NICE WRENCH! Can I borrow it? (Just kidding!)....


----------



## precisionworks (Dec 22, 2013)

My smallest tap handle is the Starrett 174, holds up to 1/4" or 6mm tap. Certainly the best handle available for tiny taps. 

The rest are GT&D (Greenfield Tap & Die Company). Searching eBay under "Greenfield Tap Wrench" pulls up a number of listings & all these were eBay purchased. All three are old enough that they still show the color case hardening GT&D used prior to 1958.


----------



## wquiles (Dec 22, 2013)

The Starrett 91A, which is my new "small" one arrived today - yes, UPS just delivered today on Sunday!. Starrett 91B on top, and 91A on bottom:





















I have been making these Titanium DE handles for months now, so I finally broke down and got some good tap wrenches:


----------



## PEU (Dec 23, 2013)

Thanks guys... You just created a new need for a must have tool... 


Pablo


----------



## smokinbasser (Dec 23, 2013)

Look into Starret ratcheting heads they make the job a bit quicker especially if tapping near "obstructions" I had to do a lot of tapping bolt and screw holes on forklifts.


----------



## wquiles (Dec 24, 2013)

PEU said:


> Thanks guys... You just created a new need for a must have tool...


I always blame Barry


----------



## wannabe333 (Dec 24, 2013)

here is the mini hand tapper i had been looking:http://imageshack.us/photo/my-images/843/bf.gif/


----------



## TexasLumens (Dec 24, 2013)

I have that 91-B... You'll learn to love that one really quick!! I cut so many threads on the lathe that I really dislike using Taps... but when you gotta... you gotta! I don't know why.. or how, but sing that 91-B just makes tapping less of a chore. I have a tapper unit as well but I'd rather us this 91-B. 

Congrats on the upgrade. Dan.


----------



## Atlascycle (Dec 25, 2013)

Starrett 91'a are awesome. I have the A, B, & C. Need to save my Pennies for the D.

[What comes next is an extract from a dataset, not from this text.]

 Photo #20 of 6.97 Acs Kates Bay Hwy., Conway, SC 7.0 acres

Sent from my DROID RAZR using Tapatalk


----------



## precisionworks (Dec 25, 2013)

In case you aren't familiar with the alphabet soup of Starrett:

91A is 6” (150mm) Length, 1/16-1/4” (1.6-6.4mm) Tap Size

91B is 9” (225mm) Length, 3/16-1/2” (4.7-12.7mm) Tap Size

91C is 12” (300mm) Length, 1/4-5/8” (4.7-16mm) Tap Size

91D is 16” (400mm) Length, 5/16-3/4” (8-19mm) Tap Size

For comparison:

91A is equal to the GT&D 01287

91B/91C are about equal to the GT&D 01299

91D is equal to the GT&D 01304

Quality of GT&D older production (pre-1958) is equal to Starrett but eBay prices are often 1/4, sometimes less. IIRC the three I have (shown in post #5) cost under $50 total.


----------



## brickbat (Dec 29, 2013)

Any evidence where that new 91 B was manufactured? I notice there's no Athol, MA mark visible in your pics...


----------



## N8N (Dec 29, 2013)

just popping in to say that QUALITY MATTERS... I actually had a cheap Chinese die stock break in my hand simply chasing some rusty threads on the Heep.

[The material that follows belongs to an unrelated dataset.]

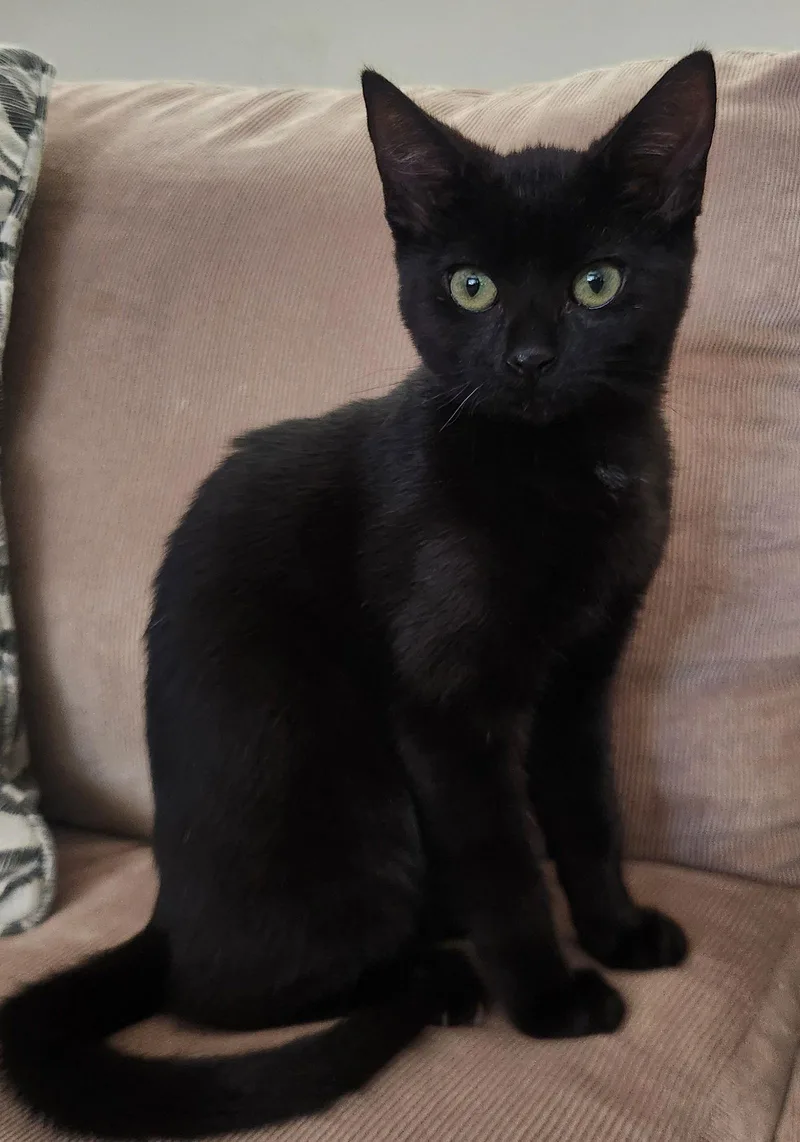 Plant: Mint thumbnail 3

Jealous of your Starrett stuff; mine is mostly Ace (inherited from grandfather) or cheap Chinese (metric, bought when I was in HS, replaced with Hansen/Greenlee/whatever when something broke) I do have a Starrett mike that was my grandfather's and there's something nice about holding a quality tool in your hand...


----------



## precisionworks (Dec 29, 2013)

brickbat said:


> Any evidence where that new 91 B was manufactured? I notice there's no Athol, MA mark visible in your pics...

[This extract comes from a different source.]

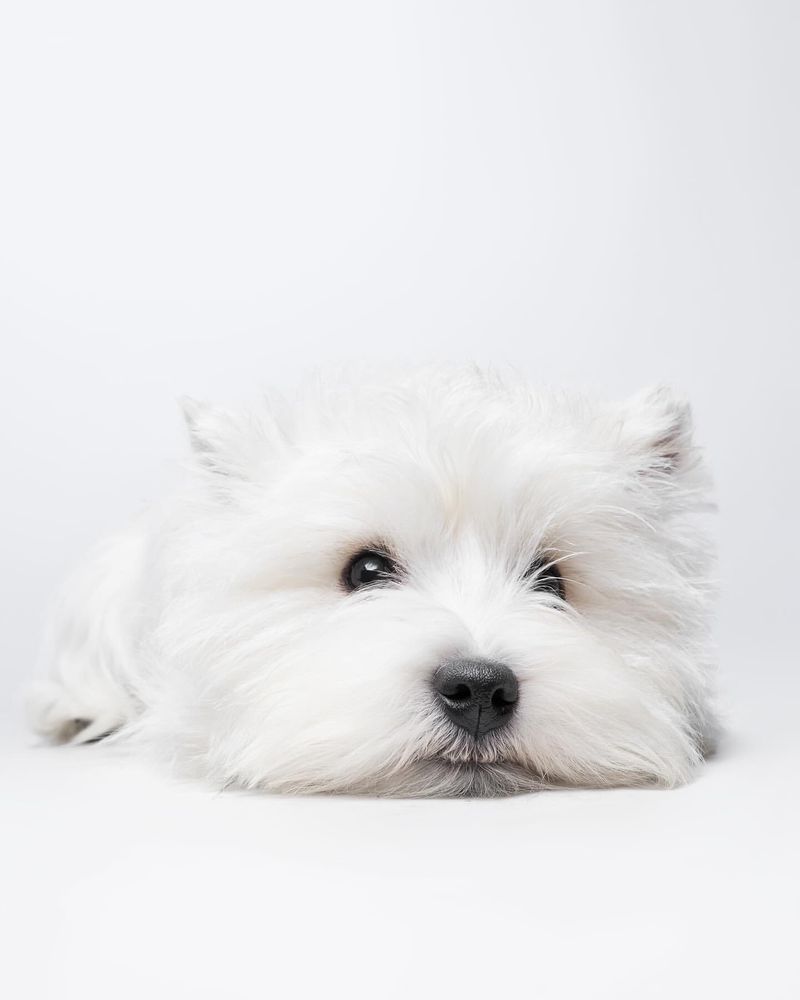West Highland White Terrier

Starrett manufacturers in only two places ... the USA or the rest of the world.

From their last (2012) annual report:



> The Company’s principal plant is located in Athol, Massachusetts. In addition, the Company operates manufacturing plants in Ohio, North Carolina, Minnesota, California, Georgia, Brazil, Scotland and China.
> 
> Founded in 1880 by Laroy S. Starrett and incorporated in 1929, the Company is engaged in the business of manufacturing over 5,000 different products for industrial, professional and consumer markets. As a global manufacturer with major subsidiaries in Brazil (1956), Scotland (1958) and China (1997), the Company offers its broad array of products to the market through multiple channels of distribution throughout the world.
> 
> The Company is one of the largest producers of mechanics’ hand measuring tools and precision instruments. In the United States, there are three major foreign competitors and numerous small companies in the field. As a result, the industry is highly competitive. During fiscal 2012, there were no material changes in the Company’s competitive position. The Company’s products for the building trades, such as tape measures and levels, are under constant margin pressure due to a channel shift to large national home and hardware retailers. The Company is responding to such challenges by expanding its manufacturing operations in China. Certain large customers offer private labels (“own brand”) that compete with Starrett branded products. These products are often sourced directly from low cost countries.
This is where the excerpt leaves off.